Updated

First, Secret Service Director Joseph Clancy told federal watchdog investigators that he heard a rumor on April 1 about a congressman's failed attempt years earlier to work at the agency.

Then, before the watchdog published a report about agents improperly accessing the personnel file of Rep. Jason Chaffetz, chairman of the House Oversight and Government Reform Committee, Clancy remembered he actually heard an unsubstantiated rumor about this a week earlier.

Now, the Homeland Security Department's inspector general has confirmed that Clancy not only knew about the rumor as early as March 25, he also learned the information from at least three sources.

The director's changing story about what he knew and when is the latest blemish on an agency beset with embarrassing scandals.

An agent in Washington first looked up Chaffetz's 2003 failed job application 18 minutes after the Utah Republican convened a hearing in March about an allegation of a drunken incident near the White House involving two senior agents. Some agents forwarded the information to others. At least 45 employees viewed the file. The inspector general has said that the actions could represent criminal violations under the U.S. Privacy Act.

In a new report Friday, the inspector general said investigators were unable to determine which details Clancy heard about employees improperly accessing Chaffetz's personnel file or how widely this information was shared. The inspector general reopened its original investigation when Clancy changed his story earlier this month.
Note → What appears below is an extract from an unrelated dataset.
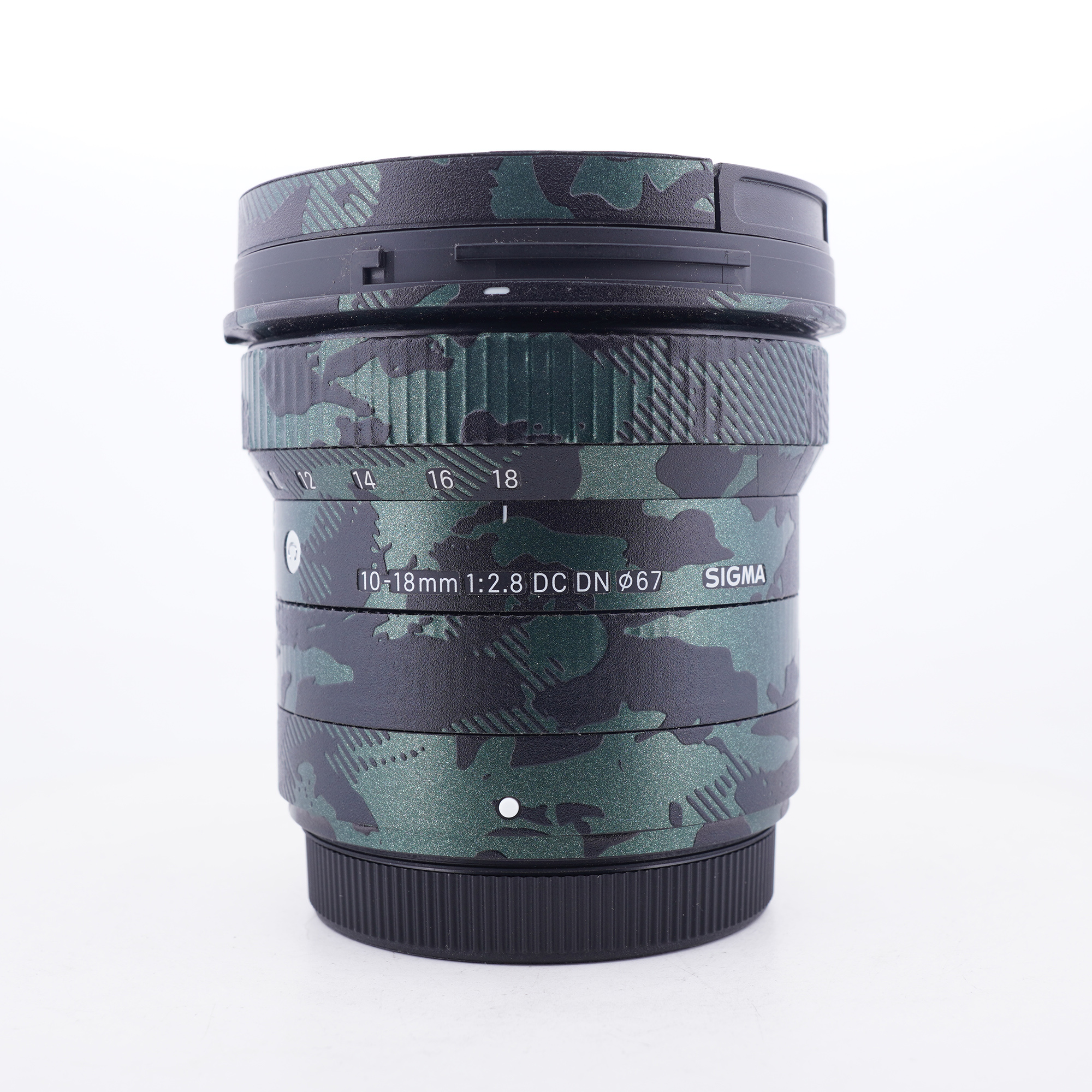 ONG-KINH-SIGMA-10-18MM-F2-8-DC-DN-C-Used-Chinh-hang-7.jpg?v=1778843165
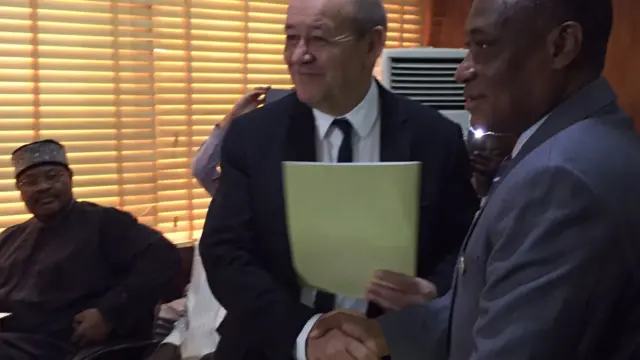 French Defence Minister Jean-Yves Le Drian (L) and Nigerian Defence Minister Mansur Dan Ali (R)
Clancy told the investigators he did not have an "independent recollection" of being told about the rumors, but arrived at the March 25 date based on what others had told him.

March 25 was also the date of an informal luncheon of Clancy and some former Secret Service directors.

Julia Pierson, the director who immediately preceded Clancy, told investigators that it was Clancy himself who told the former directors at the lunch that Chaffetz had applied years earlier to work at the agency but was turned down. She said Clancy did not tell them the source of the information or how he was handling it internally. Pierson resigned earlier this year after embarrassing security lapses in the agency's efforts to protect the president were revealed.

Homeland Security Secretary Jeh Johnson said Friday that his department will proceed "expeditiously" to determine whether any laws or policies were broken. To avoid a conflict of interest, Johnson said the determination about accountability will be made by him and not Clancy.

Chaffetz's office did not respond immediately to a request for comment.